■ WHAT THE EXERCISE ASKS
Only the stretch below from the line holding "LEM Labs Lyte" through the line holding "Apartamenty Z Basenem" should be restated, word for word and with both ends included; pictures stay out.

■ DATASET EXCERPTS
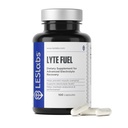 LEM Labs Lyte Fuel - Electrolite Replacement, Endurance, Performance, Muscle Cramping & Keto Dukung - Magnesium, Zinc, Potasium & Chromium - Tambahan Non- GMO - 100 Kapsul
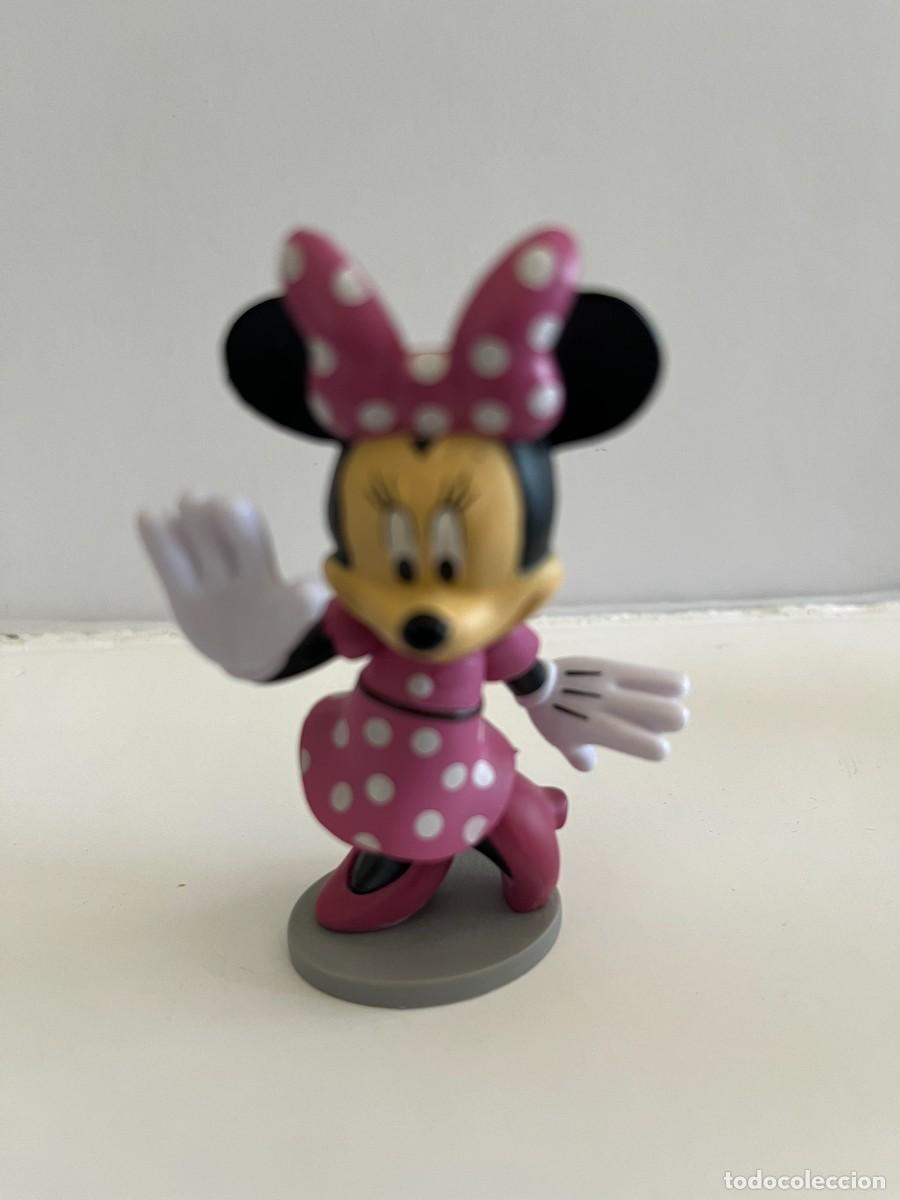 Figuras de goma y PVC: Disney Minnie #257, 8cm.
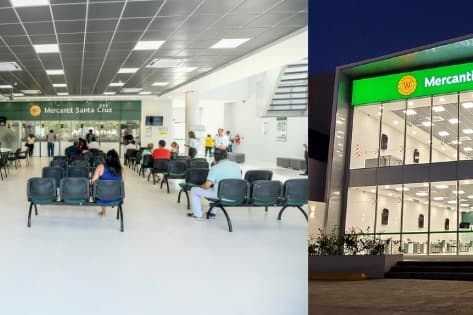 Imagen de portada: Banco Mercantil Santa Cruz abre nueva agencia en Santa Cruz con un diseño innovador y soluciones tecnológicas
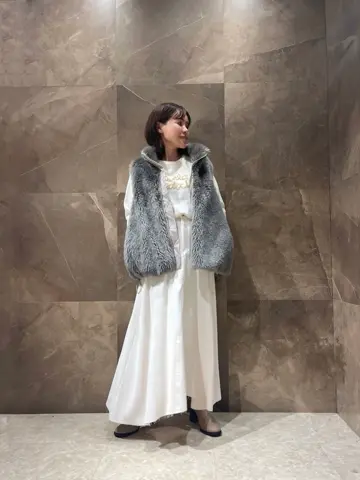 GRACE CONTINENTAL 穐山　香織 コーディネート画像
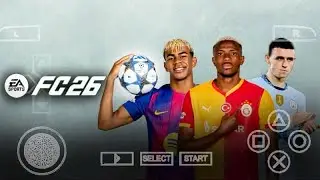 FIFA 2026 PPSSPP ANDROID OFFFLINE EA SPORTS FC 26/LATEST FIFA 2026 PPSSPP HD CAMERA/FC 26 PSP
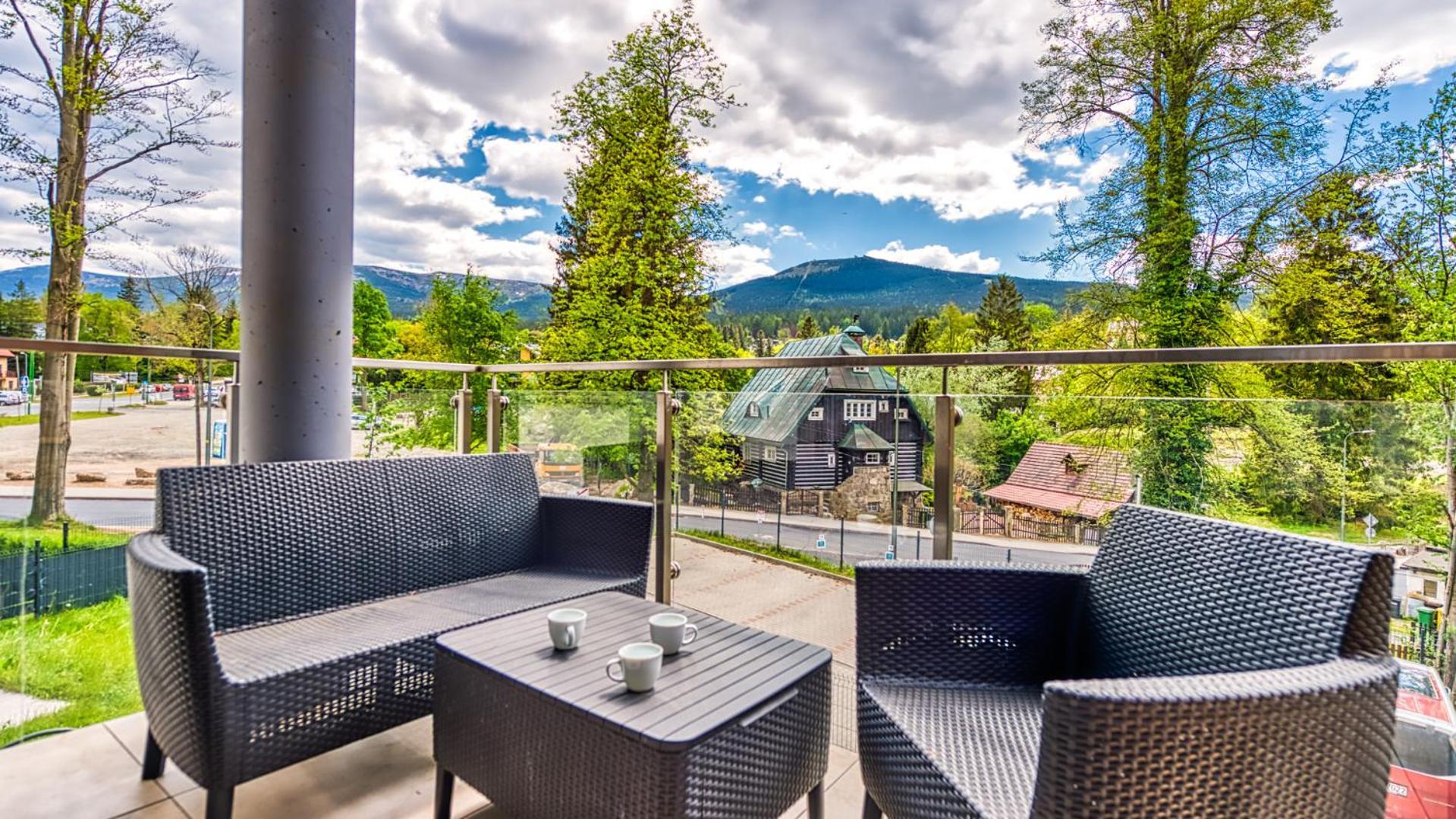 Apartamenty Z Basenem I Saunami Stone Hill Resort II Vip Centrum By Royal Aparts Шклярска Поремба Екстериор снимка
--
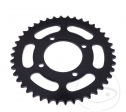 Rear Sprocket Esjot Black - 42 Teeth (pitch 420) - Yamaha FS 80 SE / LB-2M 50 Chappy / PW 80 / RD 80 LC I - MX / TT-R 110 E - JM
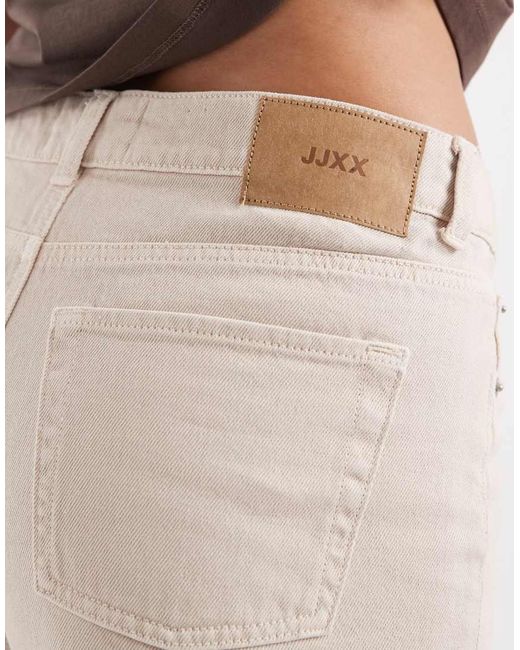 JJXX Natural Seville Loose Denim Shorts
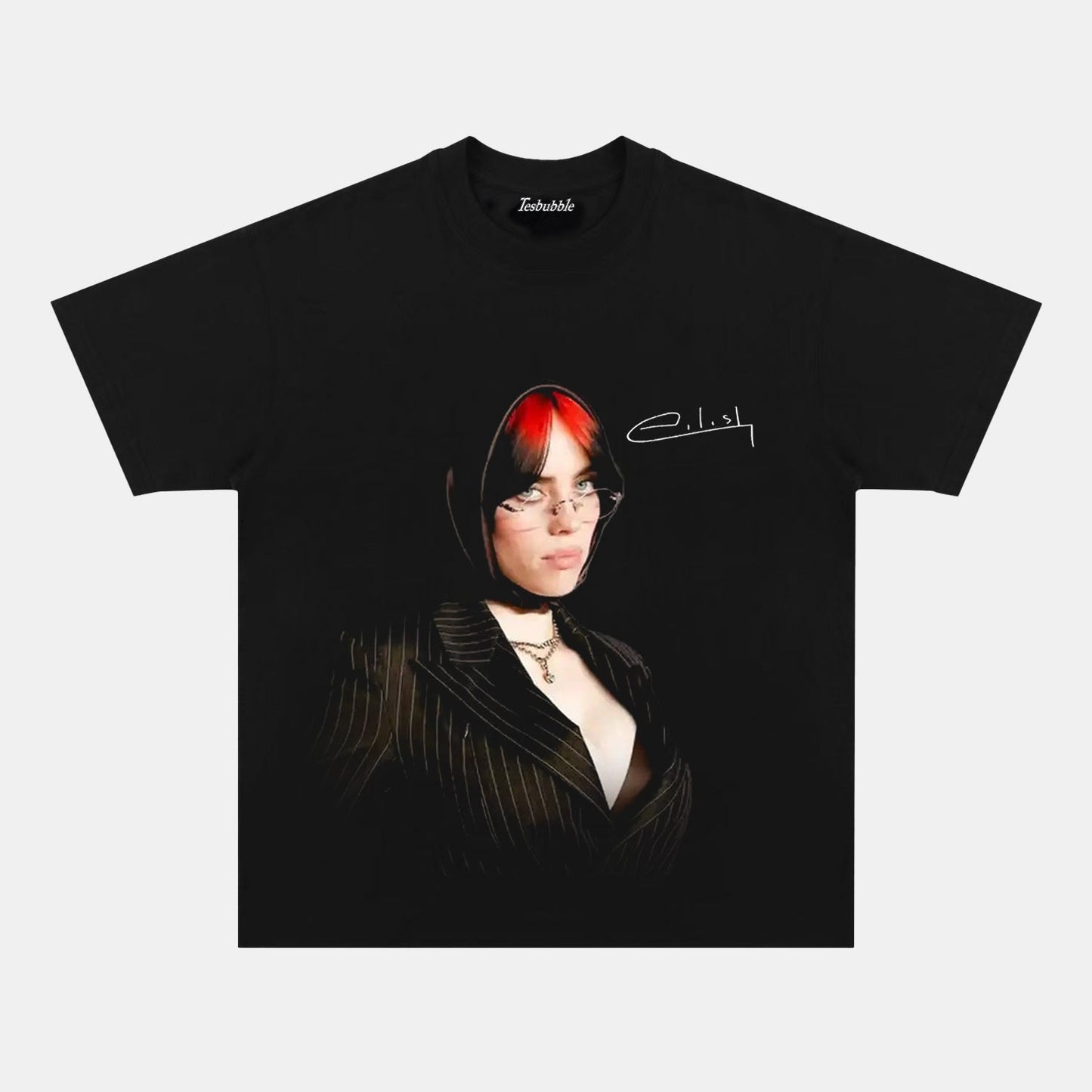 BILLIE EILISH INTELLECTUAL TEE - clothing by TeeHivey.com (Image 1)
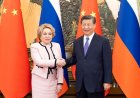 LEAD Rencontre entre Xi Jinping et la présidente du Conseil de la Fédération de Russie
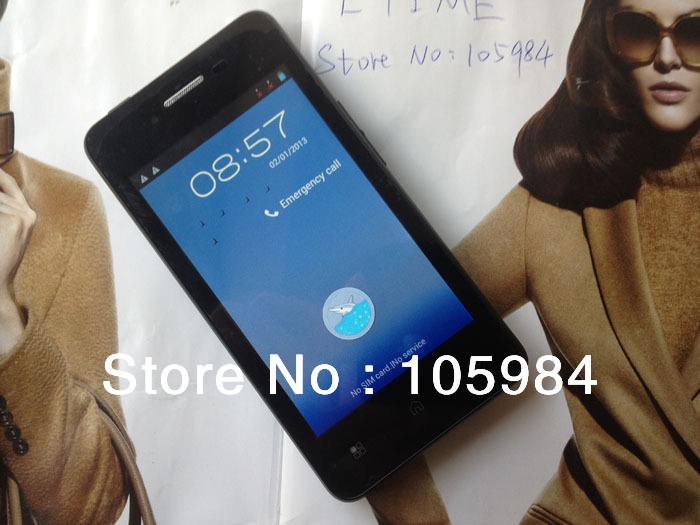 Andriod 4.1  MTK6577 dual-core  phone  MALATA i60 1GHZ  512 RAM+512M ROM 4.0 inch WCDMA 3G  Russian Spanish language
==
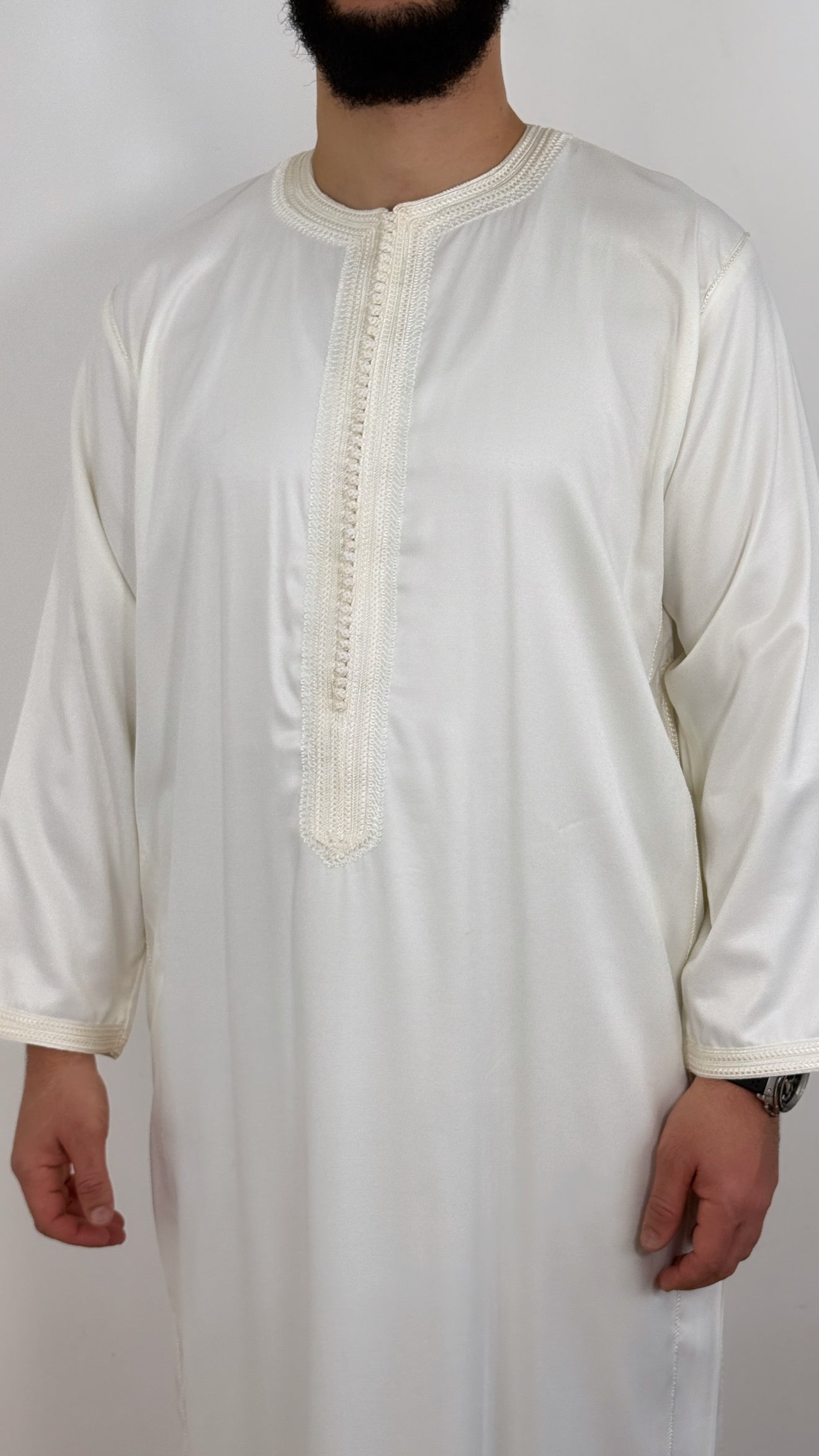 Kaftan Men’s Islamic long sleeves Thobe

■ PROBLEM SOLUTION
 LEM Labs Lyte Fuel - Electrolite Replacement, Endurance, Performance, Muscle Cramping & Keto Dukung - Magnesium, Zinc, Potasium & Chromium - Tambahan Non- GMO - 100 Kapsul
 Figuras de goma y PVC: Disney Minnie #257, 8cm.
 Imagen de portada: Banco Mercantil Santa Cruz abre nueva agencia en Santa Cruz con un diseño innovador y soluciones tecnológicas
 GRACE CONTINENTAL 穐山　香織 コーディネート画像
 FIFA 2026 PPSSPP ANDROID OFFFLINE EA SPORTS FC 26/LATEST FIFA 2026 PPSSPP HD CAMERA/FC 26 PSP
 Apartamenty Z Basenem I Saunami Stone Hill Resort II Vip Centrum By Royal Aparts Шклярска Поремба Екстериор снимка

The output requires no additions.